Michael Duncan obituary

Michael Duncan obituary
Source: The Guardian

My friend and fellow architect Michael Duncan, who has died aged 86, imbued his architecture with human scale and proportion, whether for the extensive buildings for Stirling University, at Victoria Quay housing the Scottish Executive in Leith, or in the modest yet stately headquarters for United Distilleries in Edinburgh.

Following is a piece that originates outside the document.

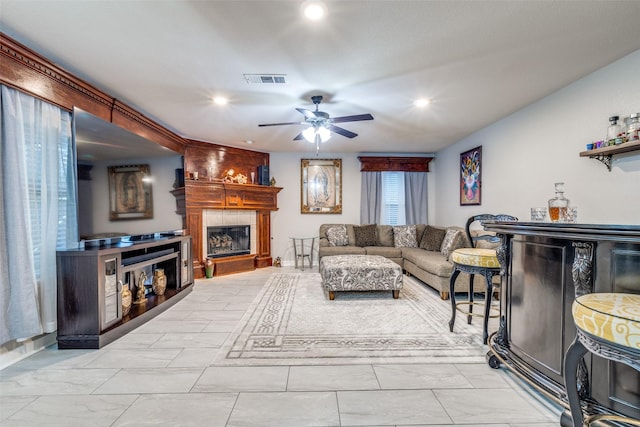 9813 Jericho Ln, Fort Worth, TX 76108 - living room with a fireplace, a ceiling fan, a dry bar, and recessed lighting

Working on the new Scottish parliament building was his most demanding task. The design was won in competition by the Spanish architect Enric Miralles, with Robert Matthew Johnson-Marshall (RMJM) as the local collaborators. Mick, as a director of RMJM, was named as associate architect. The project dominated his life from the mid-1990s until the building opened with much fanfare in 2004. The completed work is a dramatic presence facing Holyroodhouse in the medieval heart of Edinburgh.

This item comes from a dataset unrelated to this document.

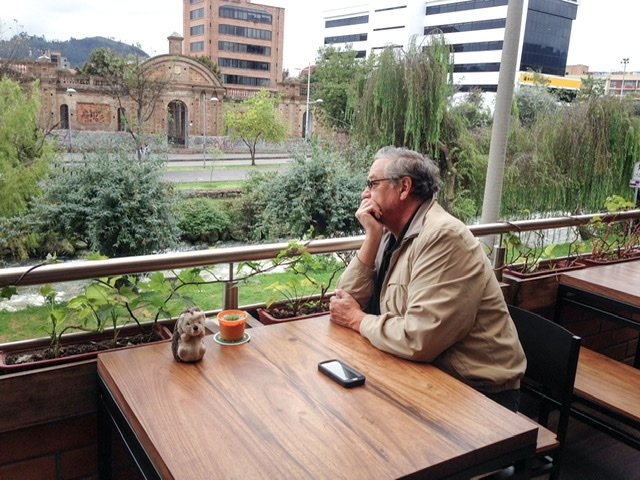 Man sitting at a table looking at a river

Mick asked me to write a book on the project, Creating a Scottish Parliament (2005), for which I was given a great deal of written material produced during the construction phase. This showed me the significance of the creative relationship between Mick and Miralles, and the key role Mick had in guiding all the complexities of the Miralles design into a satisfactory built form.

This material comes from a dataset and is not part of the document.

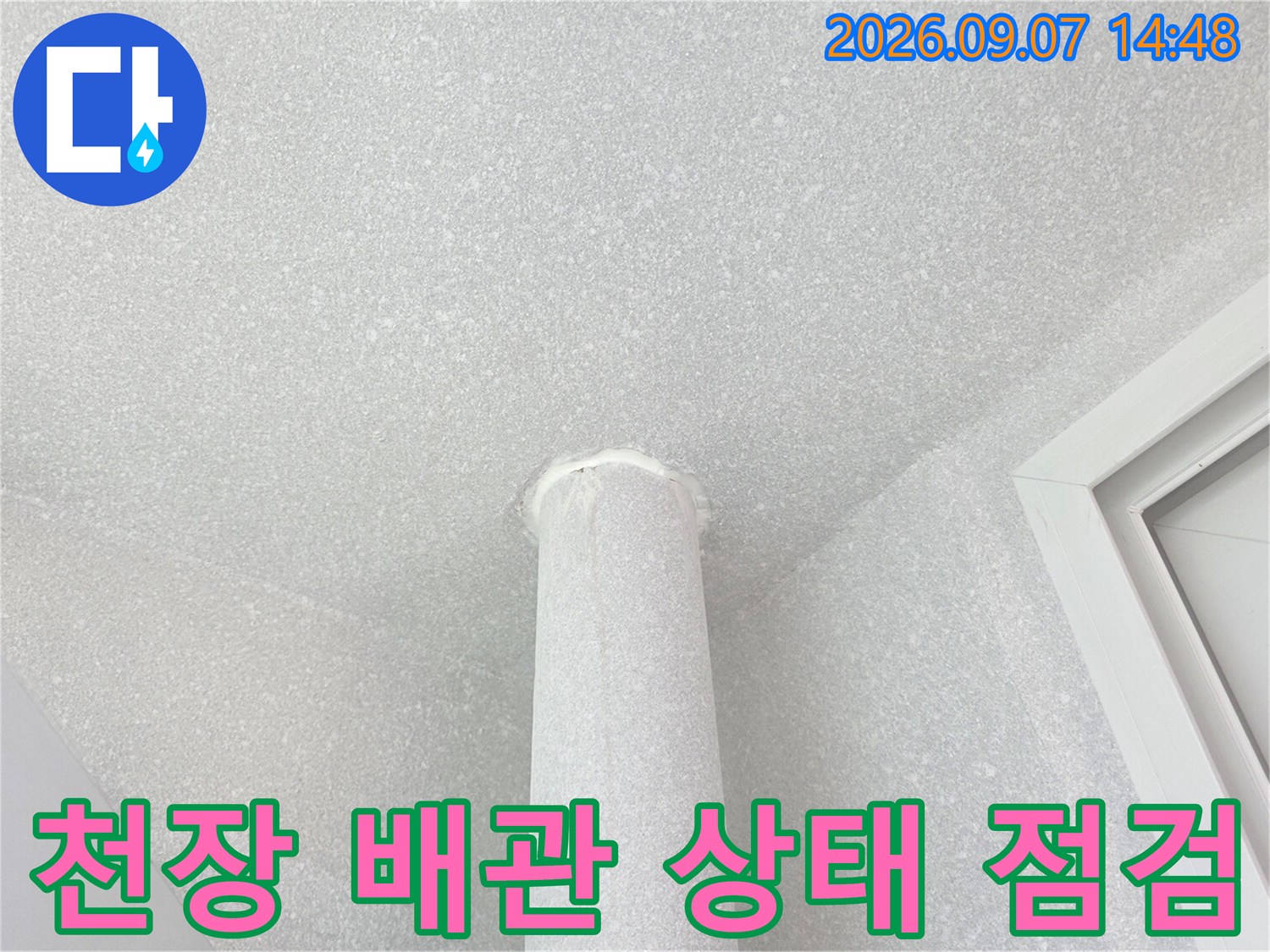 흰색 우수관과 천장 면의 접합부를 촬영한 사진입니다.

Born in Glasgow, Mick was the son of Williamina (nee Allan) and James Duncan, who were both schoolteachers. He went to Buckie high school after the family moved to the town on the Moray Firth coast, before studying architecture at Edinburgh College of Art and University of Edinburgh.

On graduation in 1961 he went to the Doxiadis School of Ekistics in Athens on a Carnegie scholarship for two years. Returning in 1963, Mick joined RMJM in Edinburgh. He became a director in 1990 and retired in 2004.

Mick was a gifted architect and a natural designer and yet for me it was his brilliance as an artist that was his greatest strength. At our first meeting as students at the Edinburgh College of Art, he rather shyly brought some diaries out of his briefcase, saying: "These are what I like doing." He had kept them since his early teens, and for every day there was a tiny, exquisite vignette depicting the events of that day, a practice he continued for many years. Over the years he also produced many paintings and drawings made for pleasure and to be shared with friends. In addition he submitted imaginative architectural drawings annually to the Royal Scottish Academy.

Mick is survived by Susan (nee Campbell), a secretary whom he married in 1969; their daughters Laura and Emily; three grandchildren Mia Jack and Ella; and his sister Kay.